Self-Supervised Learning for Multimedia Recommendation
Zhulin Tao,Xiaohao Liu,Yewei Xia,Xiang Wang,Lifang Yang,Xianglin Huang,Tat-Seng Chua
DOI: https://doi.org/10.1109/tmm.2022.3187556
IF: 7.3
2023-01-01
IEEE Transactions on Multimedia
Abstract:Learning representations for multimedia content is critical for multimedia recommendation. Current representation learning methods roughly fall into two groups: (1) using the historical interactions to create ID embeddings of users and items, and (2) treating multi-modal data as the side information of items to enrich their ID embeddings.

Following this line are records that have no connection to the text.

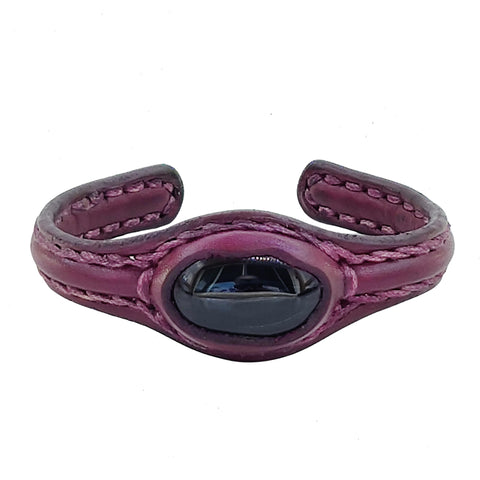 Handcrafted Genuine Vegetal Leather Bracelet with Green Agate Stone Setting-Unisex Gift Fashion Jewelry Cuff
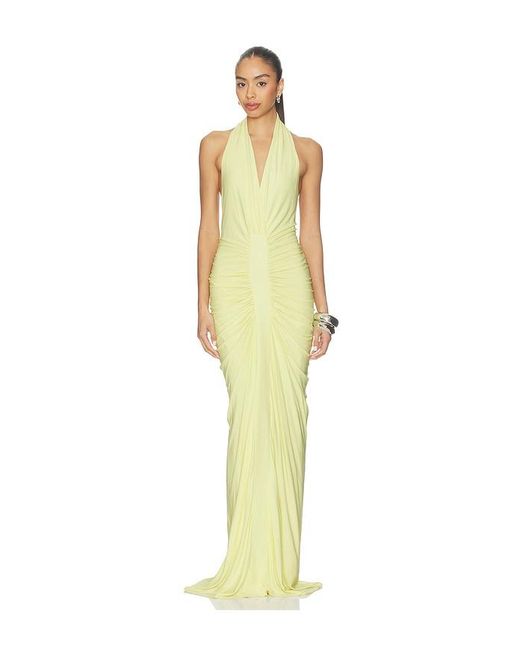 Misha Yellow The Love Gathered Cupro Dress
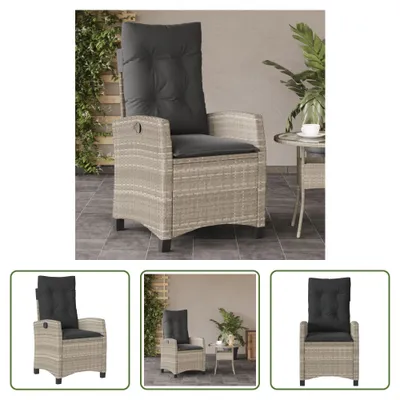 Imagen del producto de Silla de jardín "The Living Store" con cojín, ajustable, de color gris claro, fabricada en polirratán
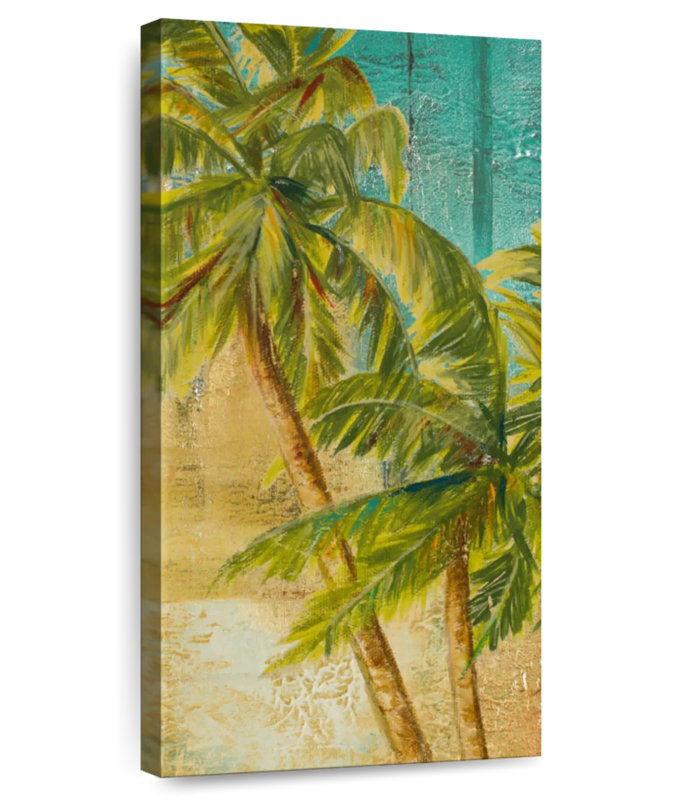 Panneau de palmier de plage I, H 24 po x l 12 po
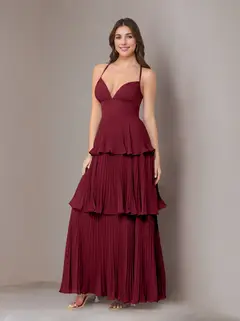 A-Line/Princess Spaghetti Straps Sleeveless Floor-Length Chiffon Bridesmaid Dresses with Pleated — view 6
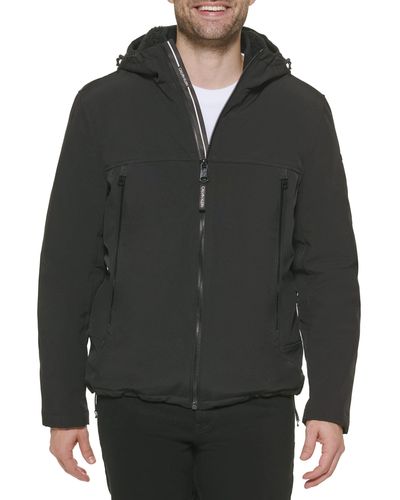 Calvin Klein Water And Wind Resistant Rip Stop Bomber Jacket - Black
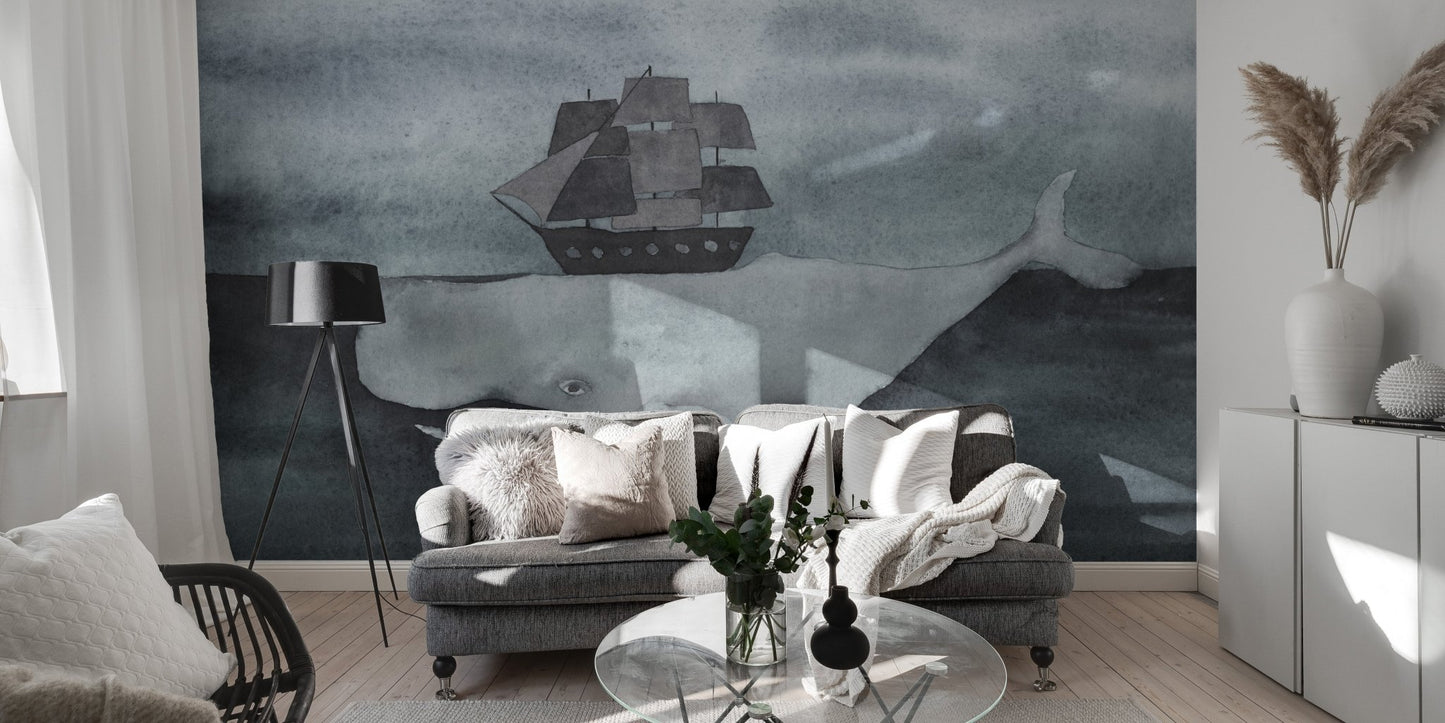 Living room wall mural with dark blue ocean tones and a grey sailing vessel.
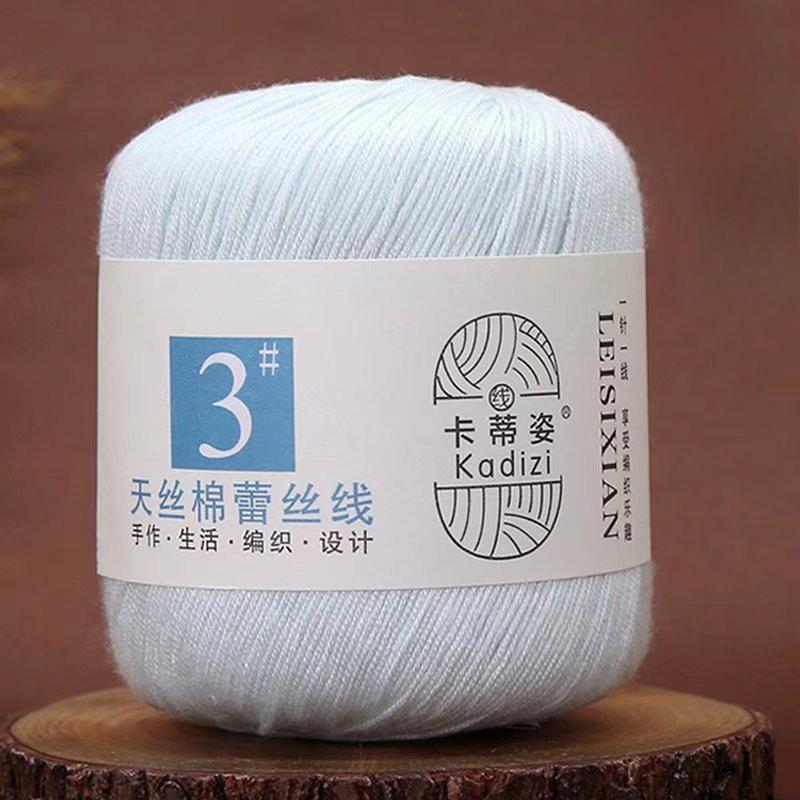1 Rotolo Filato di Pizzo Cotone Tencel per Uncinetto Estivo & Lavori a Maglia Fai-da-Te - No. 3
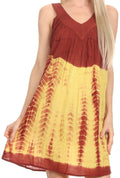 Sakkas  Amber Rose Sleeveless V-Neck Embroidered Ombre Tie Dye Tank Top Blouse / Tunic#color_Brown/Yellow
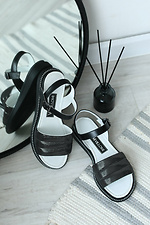 Black Leather Ankle-Loop Sandals  4205510 photo №2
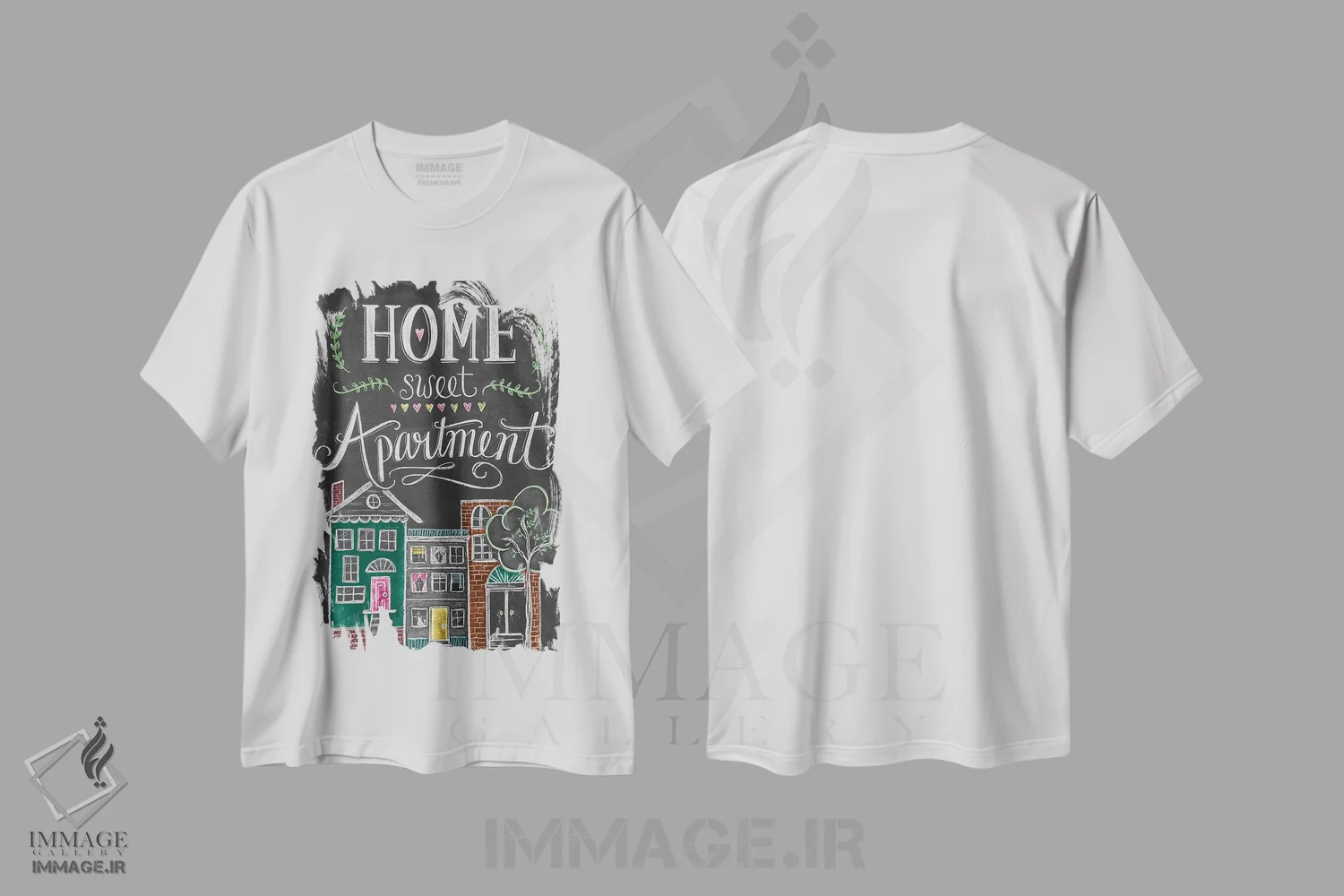 تیشرت سفید طرح دار آپارتمان دوست داشتنی من، تایپوگرافی اثر لیلی و ول | فروشگاه ایماژ
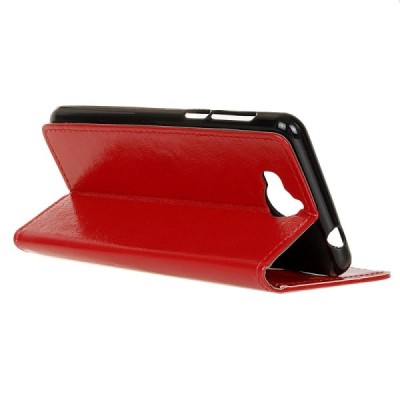 Huawei Y5 2017 (Y5 III) / Y6 2017 atvēramais ādas sarkans maciņš, grāmata (maks) / Vacins.lv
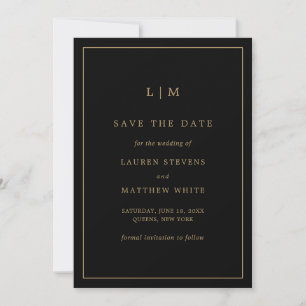 Einfaches schwarzes und goldenes Monogramm Elegant Save The Date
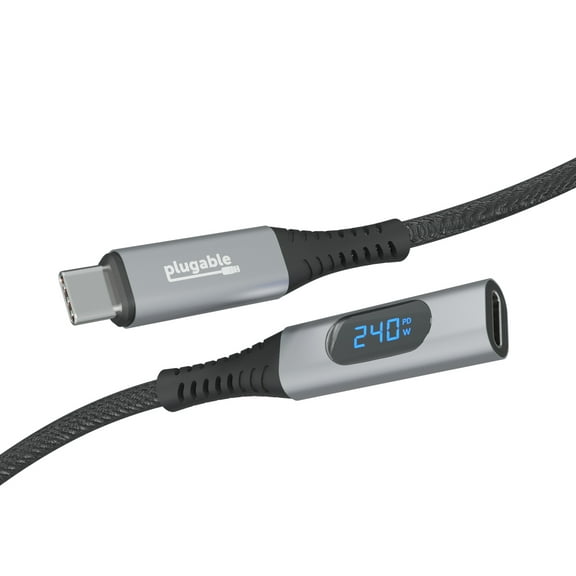 Plugable USB C Extension Cable 3.3 Ft, Digital Power Meter Tester for Monitoring USB-C Connections, Supports Fast Charging up to  240W, 4K 60Hz Display, 10Gbps Data Transfer, Digital Multimeter Tester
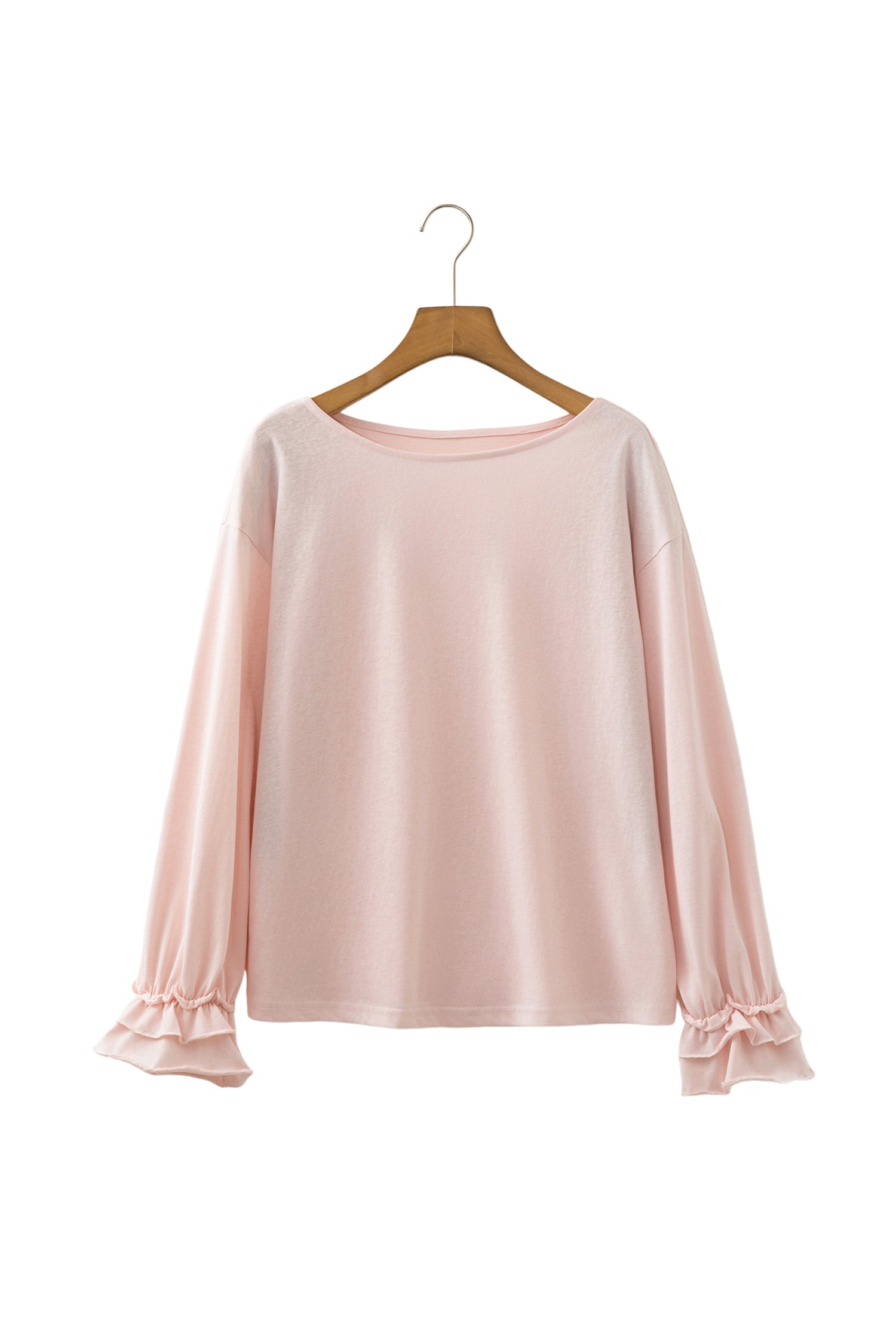 Gossamer Pink Long Sleeve Ruffle Cuff Casual Elegant Top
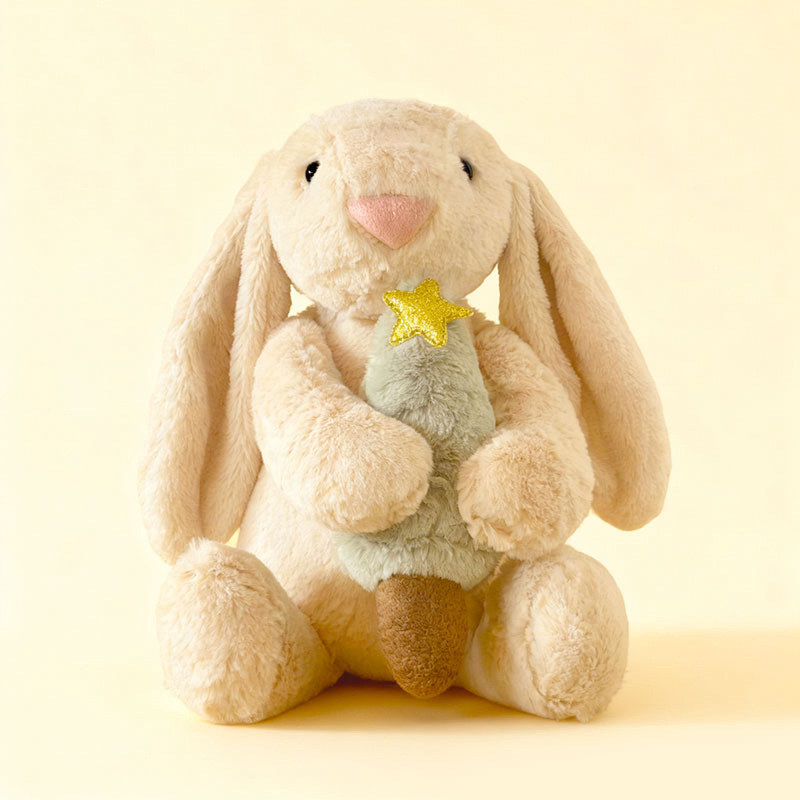 Cute Heart-Holding & Tree-Hugging Lop-Eared Rabbit Plush Doll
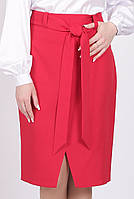 Юбка карандаш женская красная модная демисезонная креп разрез спереди по колено Актуаль 081, 50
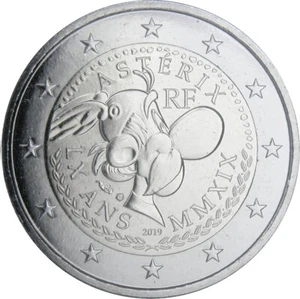 Tarjeta moneda Francia 2€ euro 2019 Astérix BUNC 60 años Uderzo Goscinny MMXIX - Imagen 1 de 3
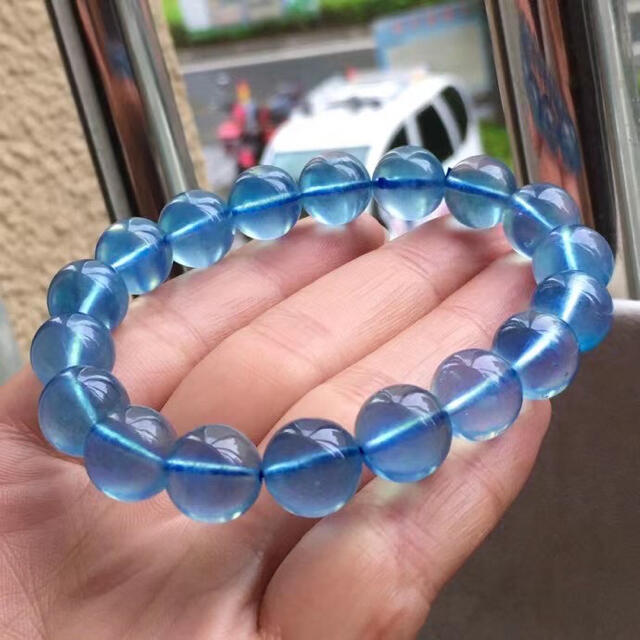 高級】天然 アクアマリン ブレスレット 11.6mm irmaosjora.com.br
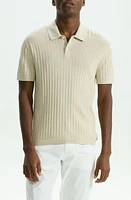 Theory Cable Short Sleeve Cotton Blend Polo Sweater at Nordstrom,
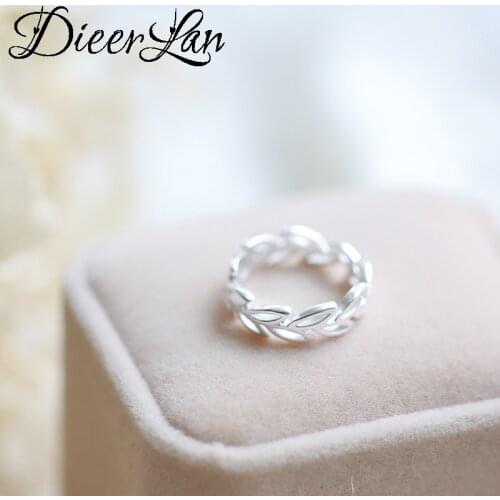 New Arrivals Pure 925 Sterling Silver Hollow Leaf Rings for Women Adjustable Size Ring Fashion sterling-silver-jewelry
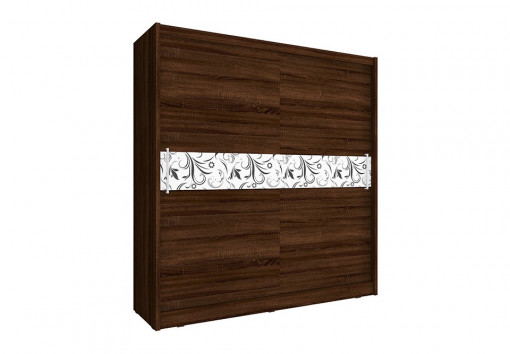 DULAP DORMITOR WIKI V C 180 SONOMA CIOCOLATIU/ALB/NEGRU DESIGN MODERN PSK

Each user-item interaction offers the supervisory signal to optimize the representation learning by the traditional supervised learning paradigm. Due to the overlook of the multi-modal patterns ( $e.g.$ , co-occurrence of visual, acoustic, textual features in micro-videos a user saw before, and her behavioral features) hidden in the data, these methods are insufficient to create powerful representations and obtain satisfactory recommendation accuracy. To capture multi-modal patterns in the data itself, we go beyond the supervised learning paradigm, and incorporate the idea of self-supervised learning (SSL) into multimedia recommendation. Specifically, SSL consists of two components: (1) data augmentation upon multi-modal contents, where we design three operators — feature dropout (FD), feature masking (FM), feature fine and coarse spaces (FAC) — to generate multiple views of individual items; and (2) contrastive learning, which differentiates the views of an item from the others’ to distill additional supervisory signals. Clearly, SSL enables us to explore and exhibit the underlying relations among modalities, thereby resulting in powerful representations. We denote the generic framework by Self-supervised Learning-guided Multimedia Recommendation (SLMRec). Extensive experiments are performed on three real-world datasets, showing that SLMRec achieves significant improvements over several state-of-the-art baselines like LightGCN [1], MMGCN [2]. Further analysis shows how SSL affects recommendation performance.